• DIRECTIONS:
The listing below should be printed in full and exactly, apart from its images.

• DATA EXTRACT:
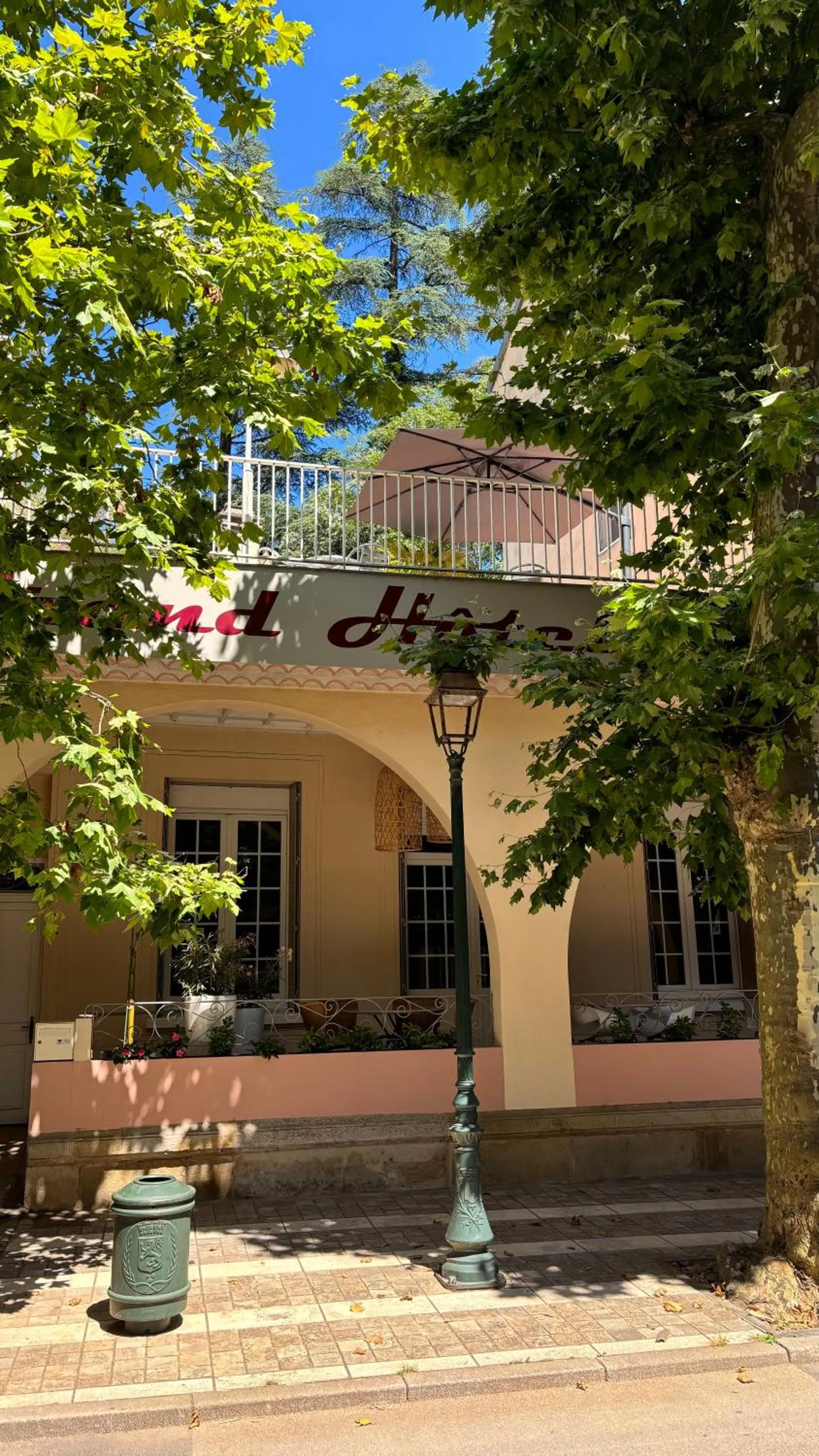 Logis Hôtel Restaurant Grand Hôtel de Lyon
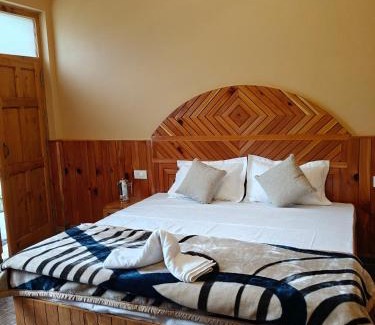 Ghiyagi Casa | Seri Pyramid View Home Stay Jibhi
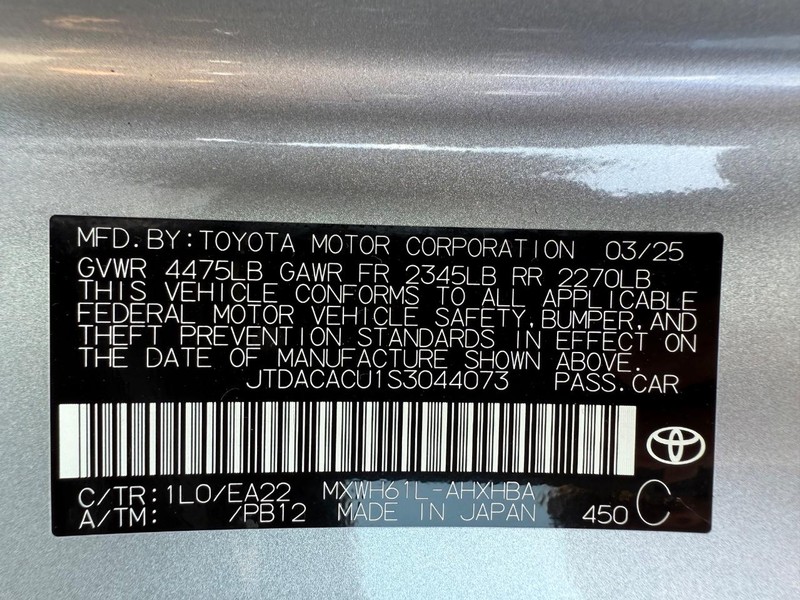 Toyota Prius Plug-In Hybrid Vehicle Image 20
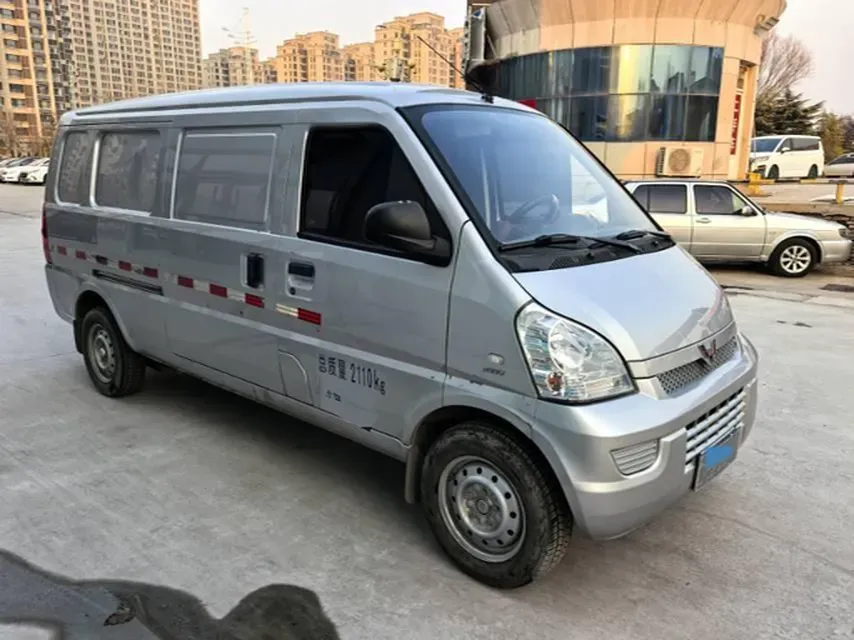 2021 SWM X2 1.5L 112HP L4 5MT,autocango,china used car exporter,china ev exporter,chinese used car exporter,chinese used ev exporter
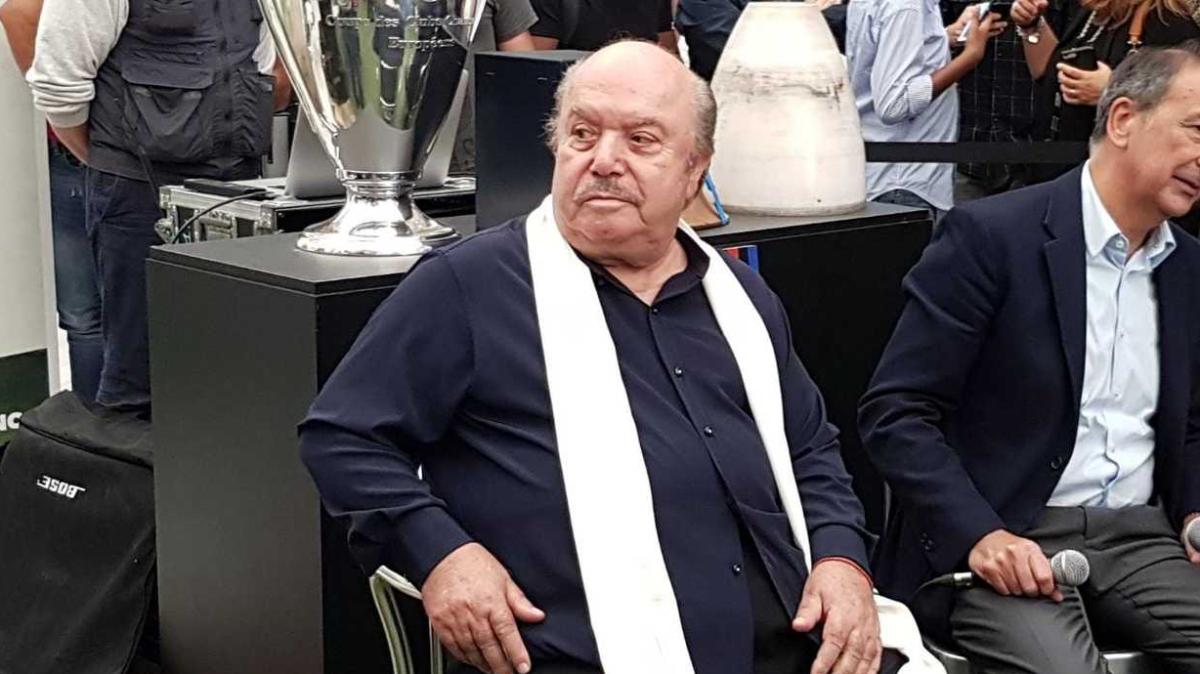 Lino Banfi in visita al Bernardini: foto con la squadra, Gasp gli consegna una maglia speciale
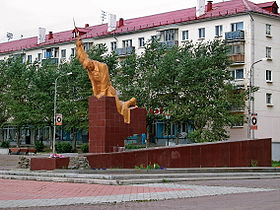 Krasnotourinsk : monument aux Morts pour le régime soviétique aux mains des partisans de Koltchak.
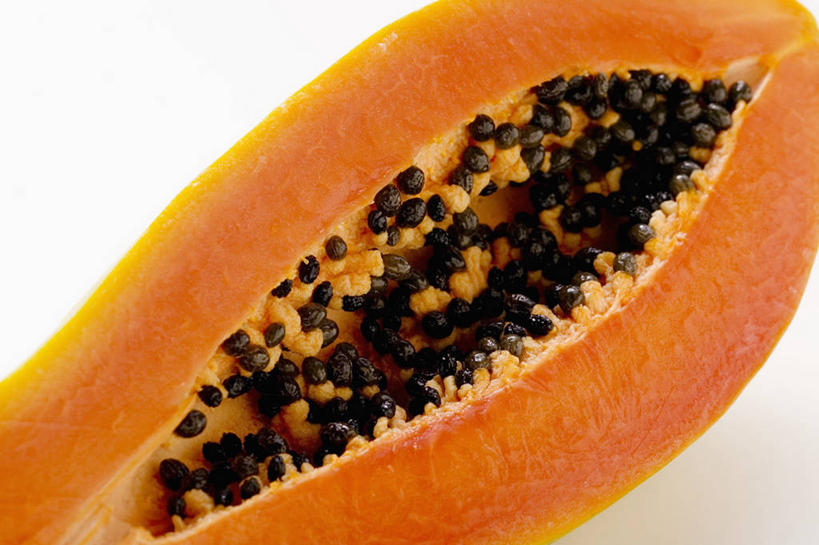 无人,横图,俯视,室内,特写,白天,白色背景,桌面,桌子,木瓜,水果,切开,阴影,新鲜,反射,木制,影子,生食,食品,果实,半个,食物,木制品,切,一半,橙色,摄影,有机食品,绿色食品,影棚,剖面,切面,奶匏,蓬生果,乳瓜,石瓜,万寿匏,万寿果,番木瓜,彩图,高角度拍摄,影棚拍摄,拍摄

• ANSWER SPACE:
 Logis Hôtel Restaurant Grand Hôtel de Lyon
 Ghiyagi Casa | Seri Pyramid View Home Stay Jibhi
 Toyota Prius Plug-In Hybrid Vehicle Image 20
 2021 SWM X2 1.5L 112HP L4 5MT,autocango,china used car exporter,china ev exporter,chinese used car exporter,chinese used ev exporter
 Lino Banfi in visita al Bernardini: foto con la squadra, Gasp gli consegna una maglia speciale
 Krasnotourinsk : monument aux Morts pour le régime soviétique aux mains des partisans de Koltchak.
 无人,横图,俯视,室内,特写,白天,白色背景,桌面,桌子,木瓜,水果,切开,阴影,新鲜,反射,木制,影子,生食,食品,果实,半个,食物,木制品,切,一半,橙色,摄影,有机食品,绿色食品,影棚,剖面,切面,奶匏,蓬生果,乳瓜,石瓜,万寿匏,万寿果,番木瓜,彩图,高角度拍摄,影棚拍摄,拍摄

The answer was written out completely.